Starting with the line that mentions "Audi A6 - Bild 10", repeat each line verbatim until the entries end, both ends included.

Segment Start: RECORDS TO USE

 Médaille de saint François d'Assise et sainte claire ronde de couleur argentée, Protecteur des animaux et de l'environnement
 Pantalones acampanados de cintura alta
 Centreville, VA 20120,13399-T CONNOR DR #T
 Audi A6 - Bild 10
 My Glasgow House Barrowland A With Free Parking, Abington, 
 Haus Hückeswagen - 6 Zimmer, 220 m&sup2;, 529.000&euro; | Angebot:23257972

Segment End: RECORDS TO USE

• _SOLVED PROBLEM_:
 Audi A6 - Bild 10
 My Glasgow House Barrowland A With Free Parking, Abington, 
 Haus Hückeswagen - 6 Zimmer, 220 m&sup2;, 529.000&euro; | Angebot:23257972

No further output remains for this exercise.